For this exercise, return only the lines in the records below from the one holding "Certified Natural Grade" through the one holding "A Crow Village", including both, exactly as they appear and without pictures.

** Opening Listed records block **

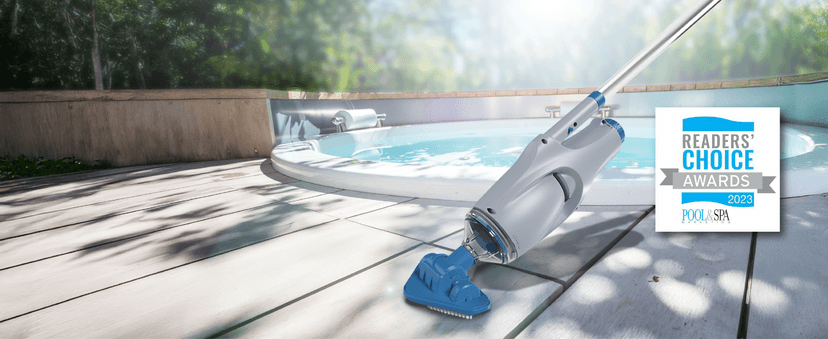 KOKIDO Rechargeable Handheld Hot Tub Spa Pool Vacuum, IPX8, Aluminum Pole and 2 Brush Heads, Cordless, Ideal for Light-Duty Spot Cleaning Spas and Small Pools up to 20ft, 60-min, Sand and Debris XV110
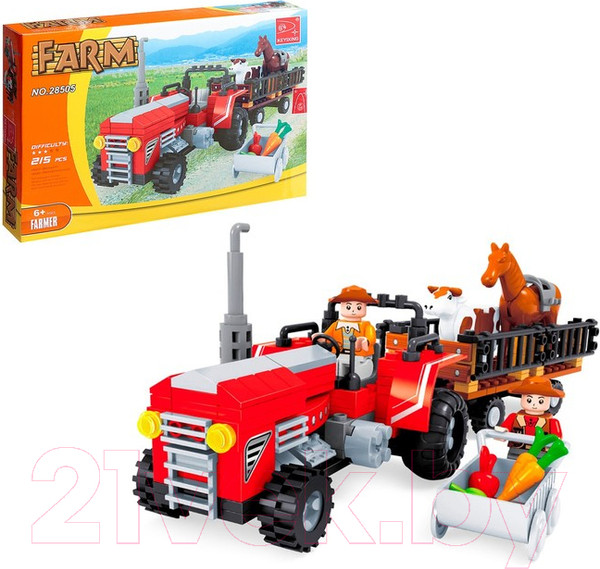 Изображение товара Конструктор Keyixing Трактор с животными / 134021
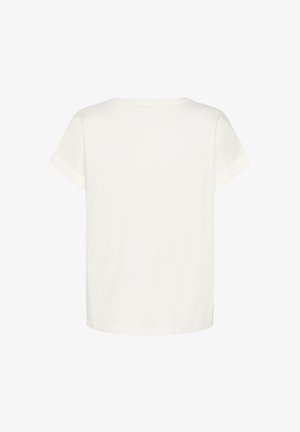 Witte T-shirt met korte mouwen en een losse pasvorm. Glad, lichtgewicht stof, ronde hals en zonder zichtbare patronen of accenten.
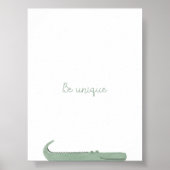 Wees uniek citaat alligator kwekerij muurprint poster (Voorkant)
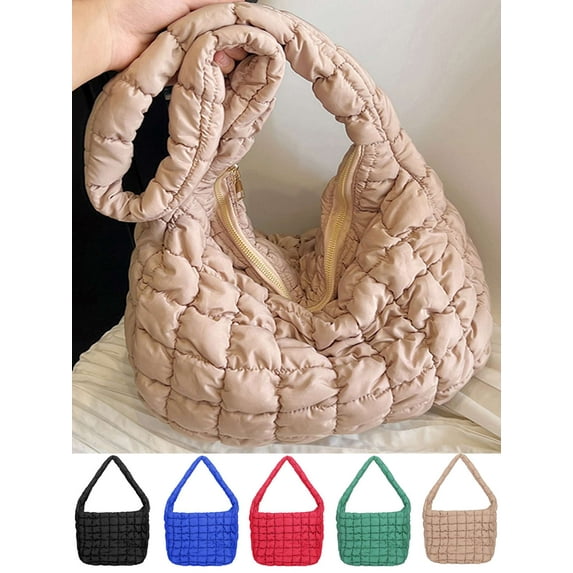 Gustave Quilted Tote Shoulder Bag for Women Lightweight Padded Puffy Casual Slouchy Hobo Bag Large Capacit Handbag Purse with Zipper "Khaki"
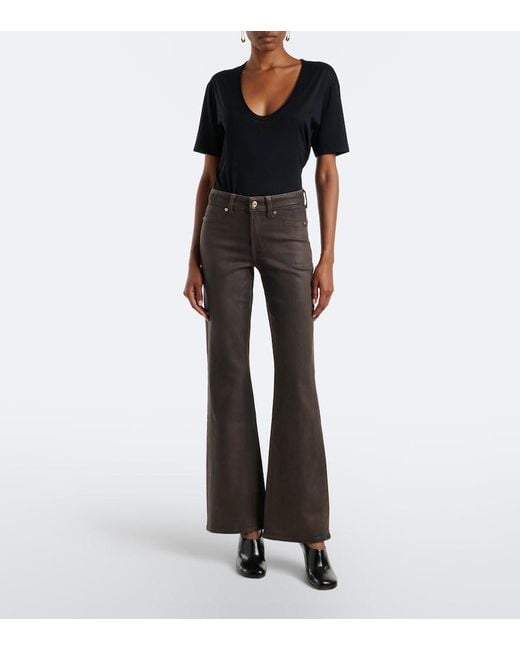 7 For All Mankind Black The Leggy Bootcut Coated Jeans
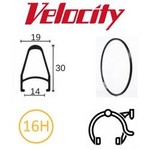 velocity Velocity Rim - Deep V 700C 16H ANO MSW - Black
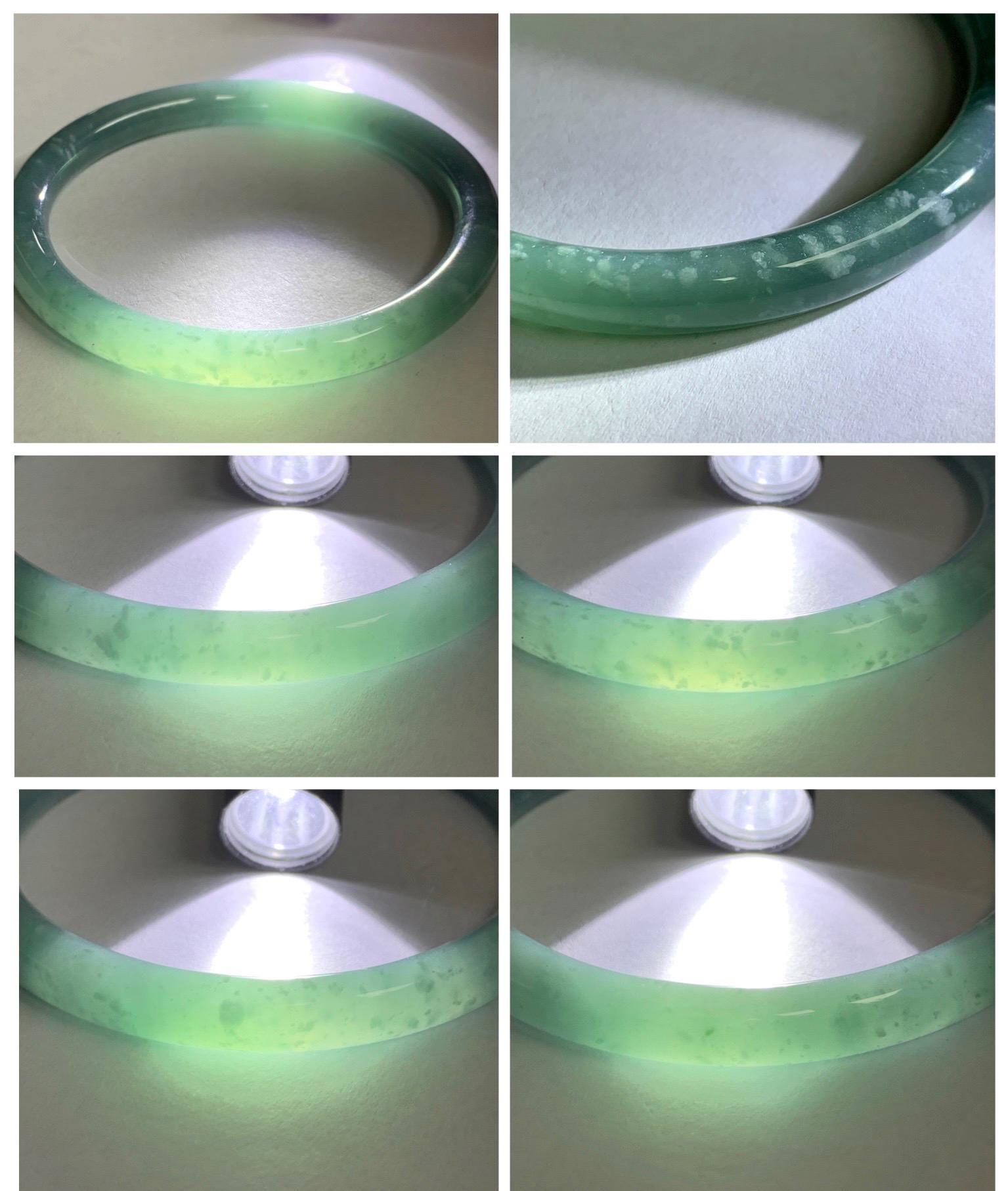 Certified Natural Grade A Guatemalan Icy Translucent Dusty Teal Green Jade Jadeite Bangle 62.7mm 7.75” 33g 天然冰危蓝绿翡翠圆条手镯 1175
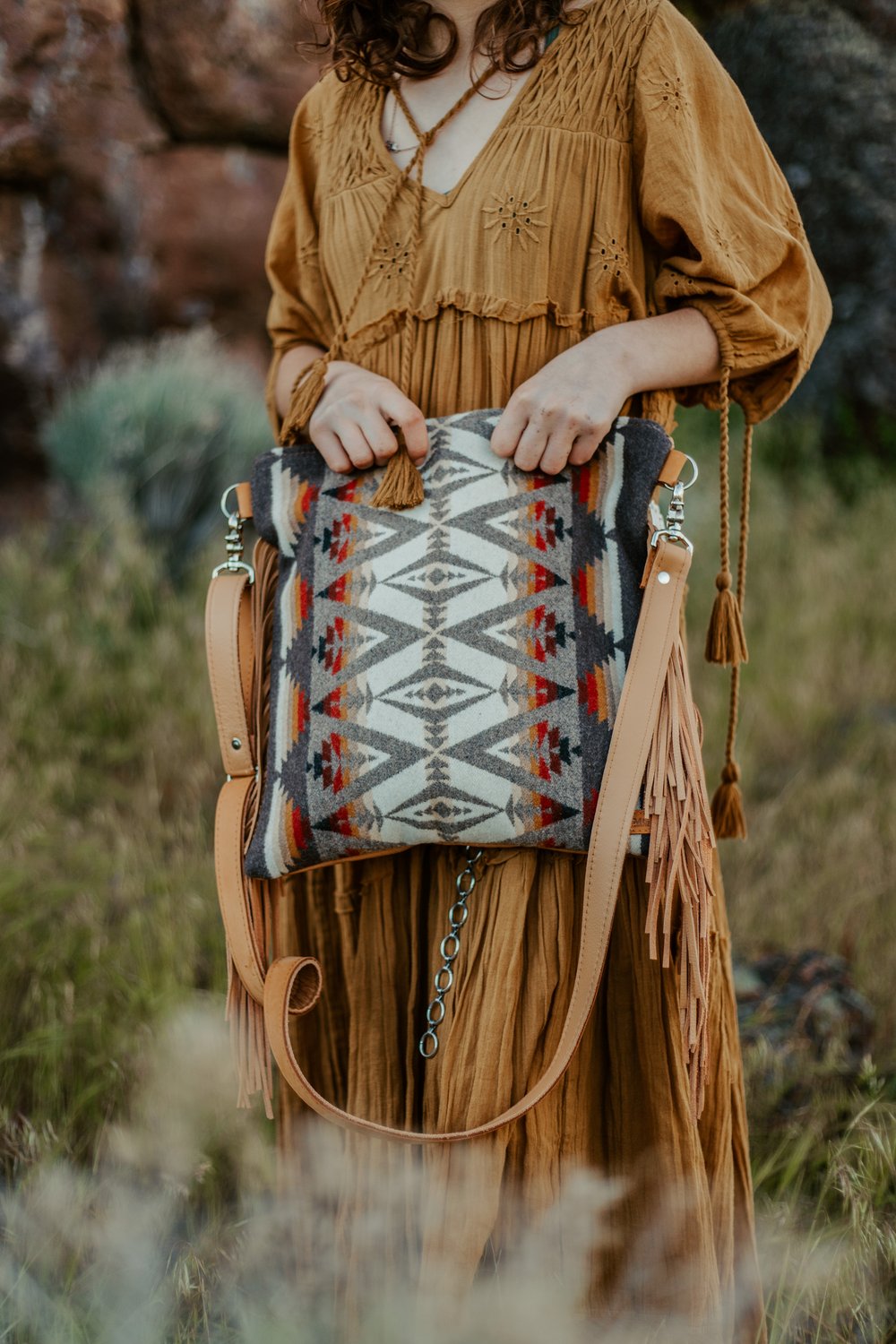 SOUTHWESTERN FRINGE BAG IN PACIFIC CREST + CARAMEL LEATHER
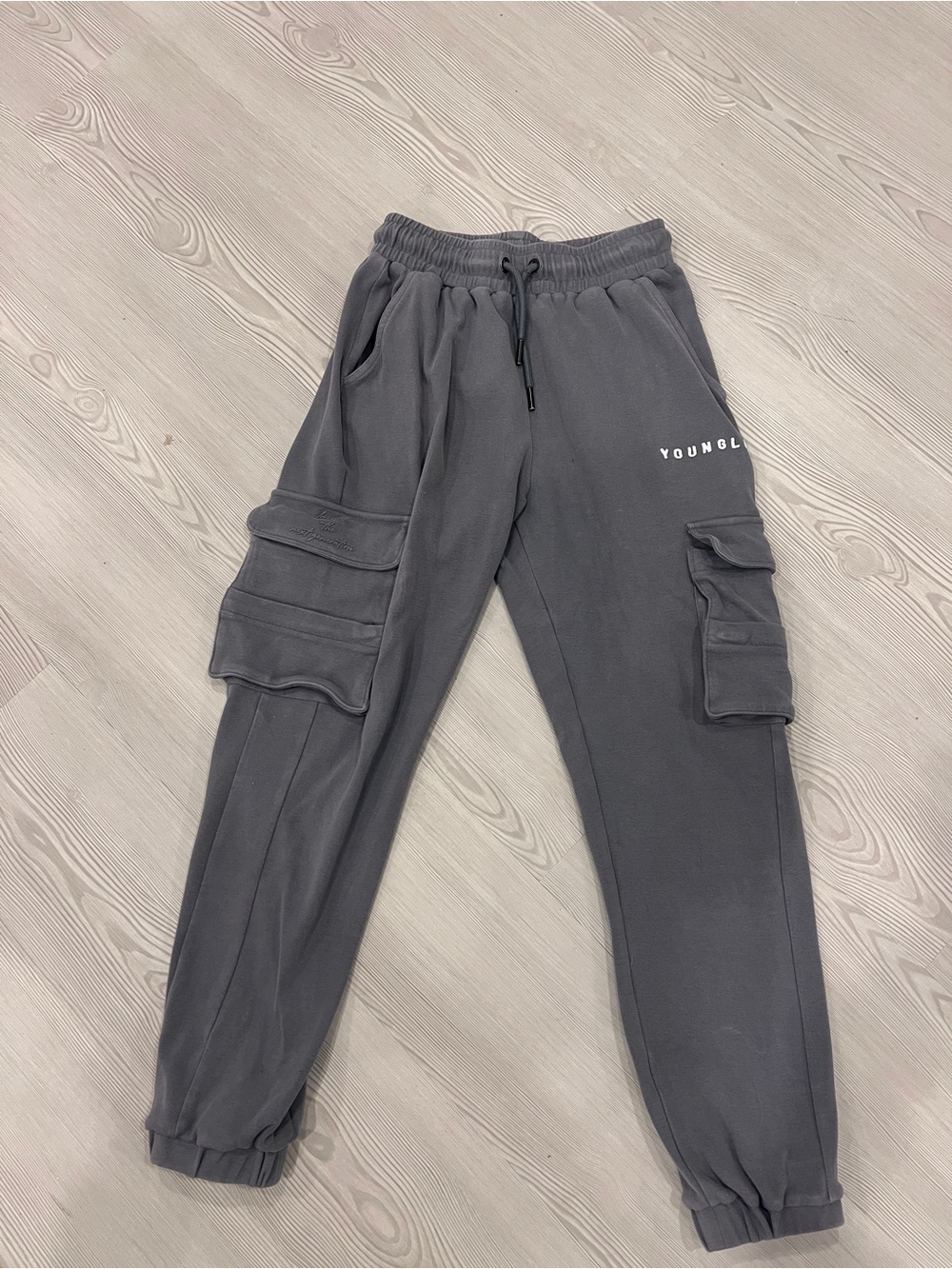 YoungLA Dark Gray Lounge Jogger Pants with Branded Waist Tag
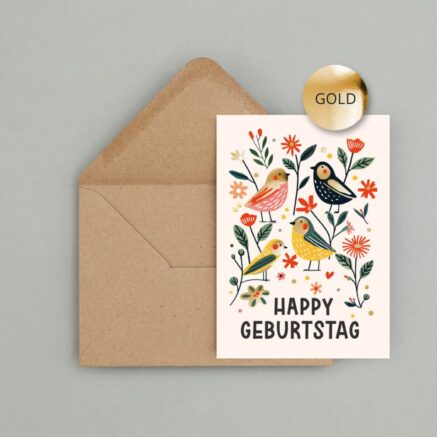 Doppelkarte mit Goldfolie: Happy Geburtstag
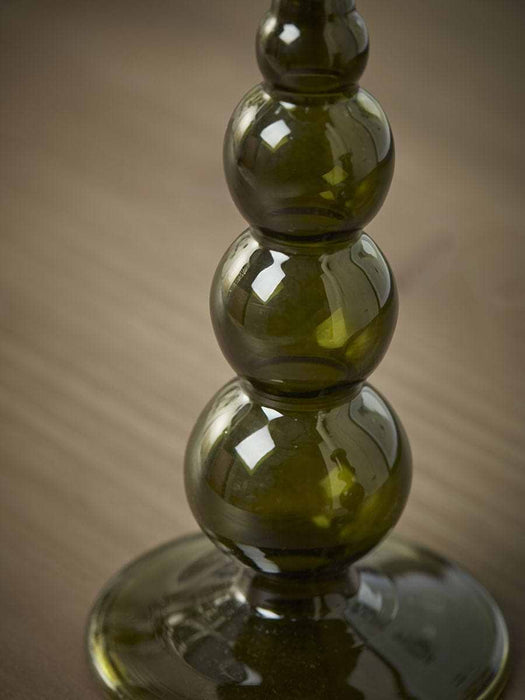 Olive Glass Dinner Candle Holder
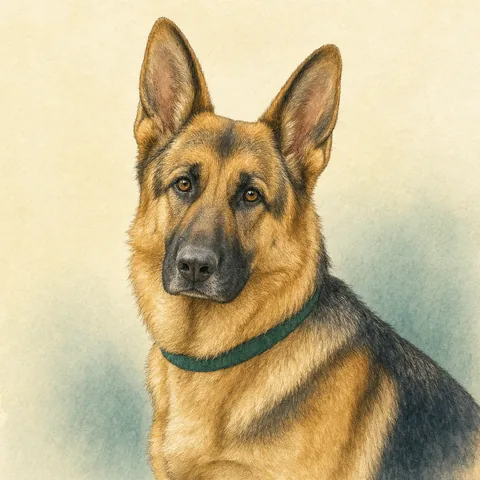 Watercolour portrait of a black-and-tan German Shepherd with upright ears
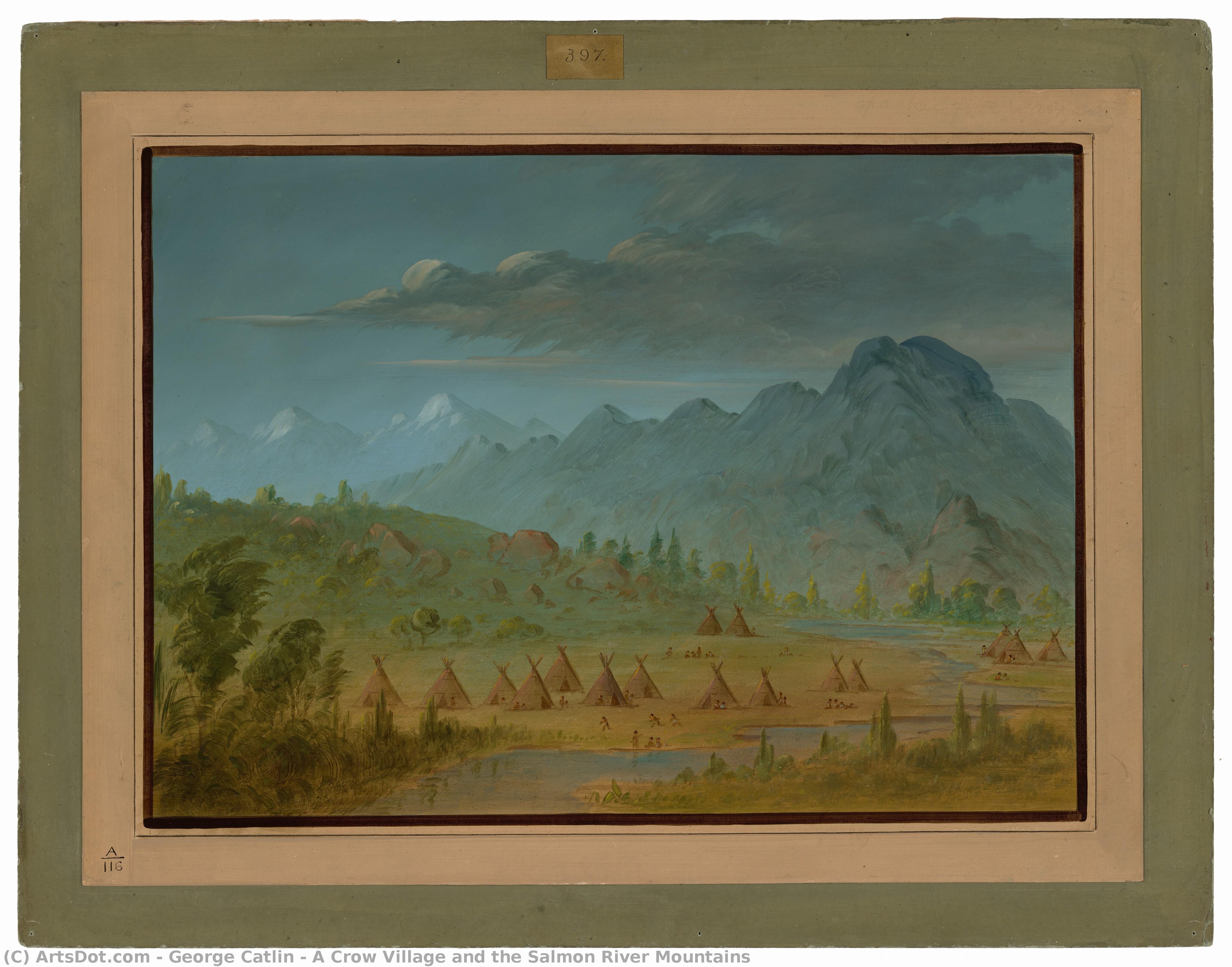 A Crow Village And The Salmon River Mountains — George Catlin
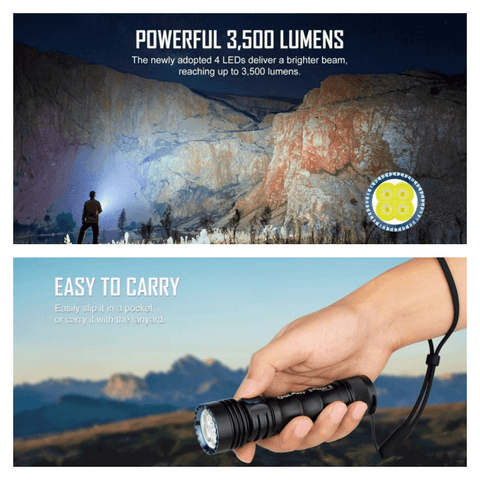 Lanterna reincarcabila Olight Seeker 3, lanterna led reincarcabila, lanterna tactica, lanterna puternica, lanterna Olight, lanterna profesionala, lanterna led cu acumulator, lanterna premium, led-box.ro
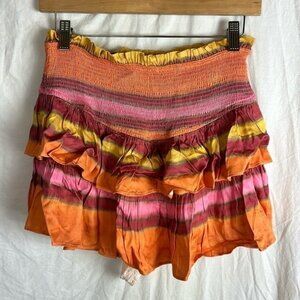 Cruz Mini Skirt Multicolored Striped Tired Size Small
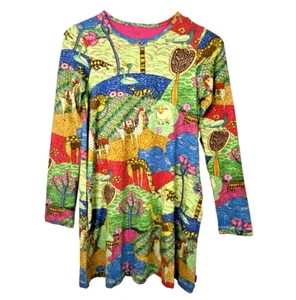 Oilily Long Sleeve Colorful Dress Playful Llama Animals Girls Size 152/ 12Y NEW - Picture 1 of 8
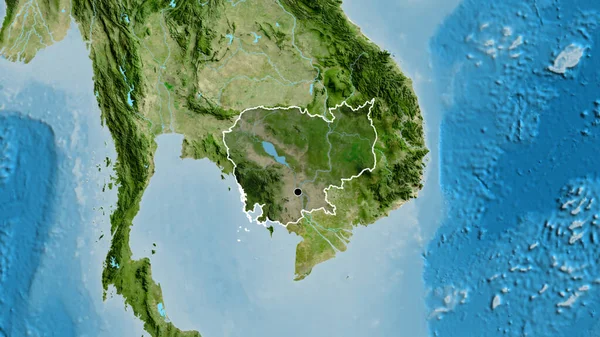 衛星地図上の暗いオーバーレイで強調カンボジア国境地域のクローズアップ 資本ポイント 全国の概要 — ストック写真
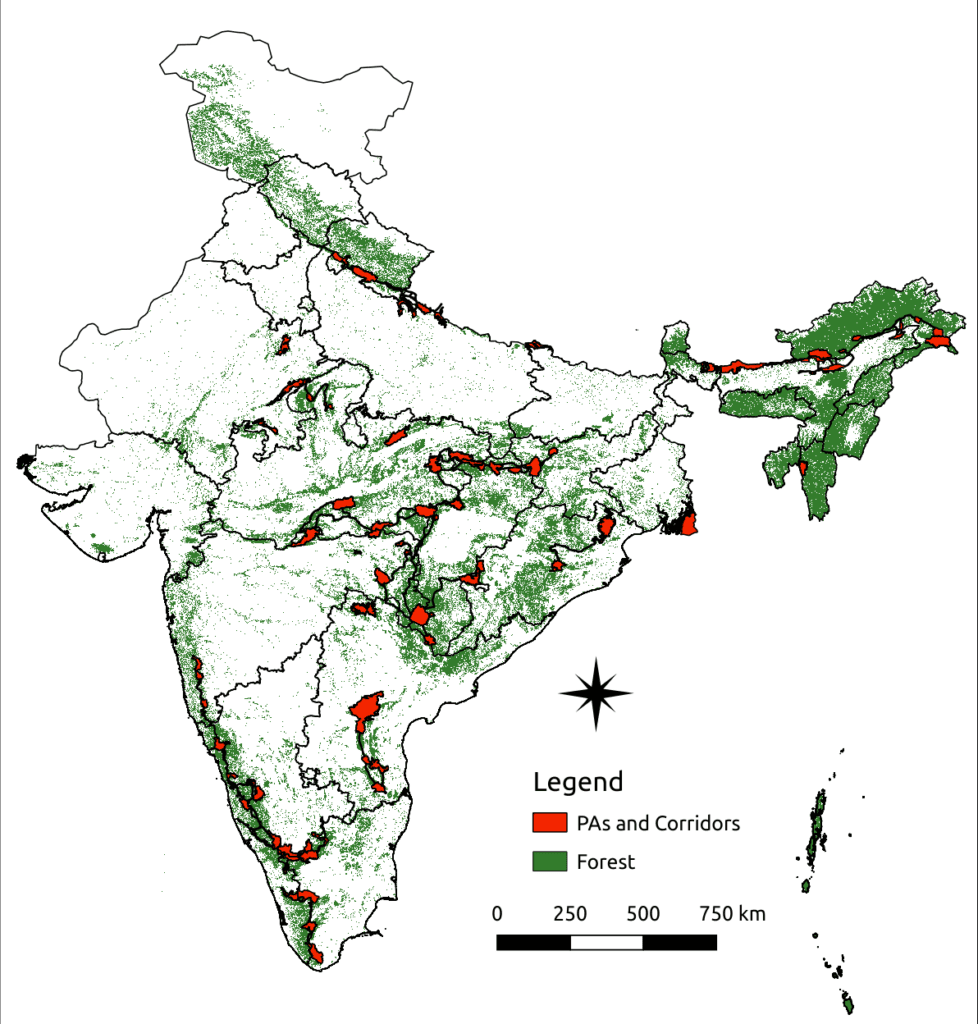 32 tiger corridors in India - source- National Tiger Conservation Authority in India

** Closing Listed records block **

> _Answer to the problem_:
 Certified Natural Grade A Guatemalan Icy Translucent Dusty Teal Green Jade Jadeite Bangle 62.7mm 7.75” 33g 天然冰危蓝绿翡翠圆条手镯 1175
 SOUTHWESTERN FRINGE BAG IN PACIFIC CREST + CARAMEL LEATHER
 YoungLA Dark Gray Lounge Jogger Pants with Branded Waist Tag
 Doppelkarte mit Goldfolie: Happy Geburtstag
 Olive Glass Dinner Candle Holder
 Watercolour portrait of a black-and-tan German Shepherd with upright ears
 A Crow Village And The Salmon River Mountains — George Catlin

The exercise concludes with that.